How to make this Costa Rican gallo pinto recipe
This recipe is adapted from The Blue Spirit cookbook, the official cookbook of the renowned yoga retreat of the same name. Blue Spirit is situated in Nosara, on the Nicoya Peninsula. The Nicoya Peninsula is one of the few designated global Blue Zones, recognized for the longevity and health of the people who live there.
This gallo pinto recipe is a perfect dish to make with leftover rice, white or brown. You’ll need cooked rice, cooked black beans, onion, bell pepper, garlic, cilantro, and seasoning.
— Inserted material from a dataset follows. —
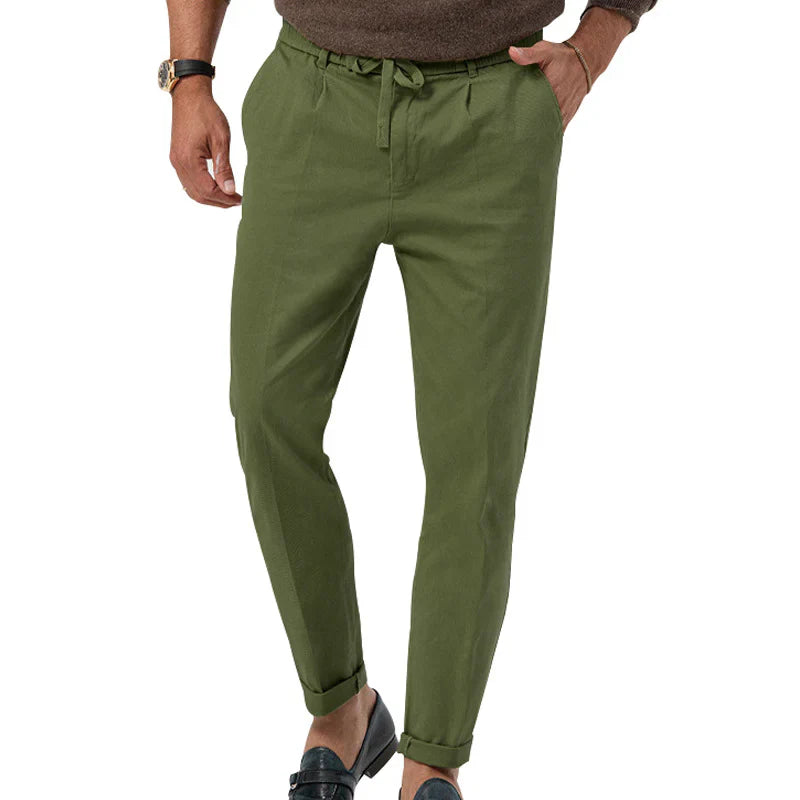 Herren Bequeme Leichte Leinenhose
- In a skillet, cook onion, bell pepper, and garlic in oil until translucent.
- Add the beans with their liquid, and cook until most of the liquid has been absorbed.
- Add the rice and cook, stirring, until everything is combined and warmed through. Season to taste.
A note on gallo pinto for breakfast
If you need a simple and nourishing changeup from eggs and toast, you’ll love this Costa Rican staple recipe. These rice and beans are traditionally served for breakfast, alongside eggs and other simple accompaniments. Gallo pinto contains protein and iron from the beans, and the whole grain from the rice adds even more simple, well-rounded nutrition.
That said, I love gallo pinto any time of day, and think it makes a wonderful accompaniment to any protein, including chicken and steak.
If you love rice and beans, you’ll also love:
Gallo Pinto (Costa Rican Rice + Beans)
- 2 tablespoons olive oil
- 1/2 bell pepper, fine diced
- 1/2 medium onion, fine diced
- 2 cloves garlic, minced
- 2 1/2 cups cooked and cooled rice, preferably cold and day-old
- 1 1/2 cups cooked black beans with 1/2 cup liquid (equivalent to 1 15-ounce can no-salt black beans with liquid)
- 1/4 cup chopped cilantro
- Kosher salt and fresh-ground pepper
- 1 tablespoon salsa Lizano (optional)
- Heat the olive oil over medium heat in a large skillet. Add the peppers, onion, and garlic and cook until translucent, about 5 minutes.
- Add the beans and their liquid and reduce the heat to low. Cook for about 5 minutes, stirring occasionally, until most -- but not all -- of the liquid is reduced.
- Add the rice. Cook, stirring, until warmed through. Season with salt and pepper. TIP: I use about 1/2 teaspoon to 3/4 teaspoon kosher salt, and 12 turns fresh black pepper.
- Stir in most of the cilantro, and the Lizano (if using). Serve, topped with the remaining cilantro.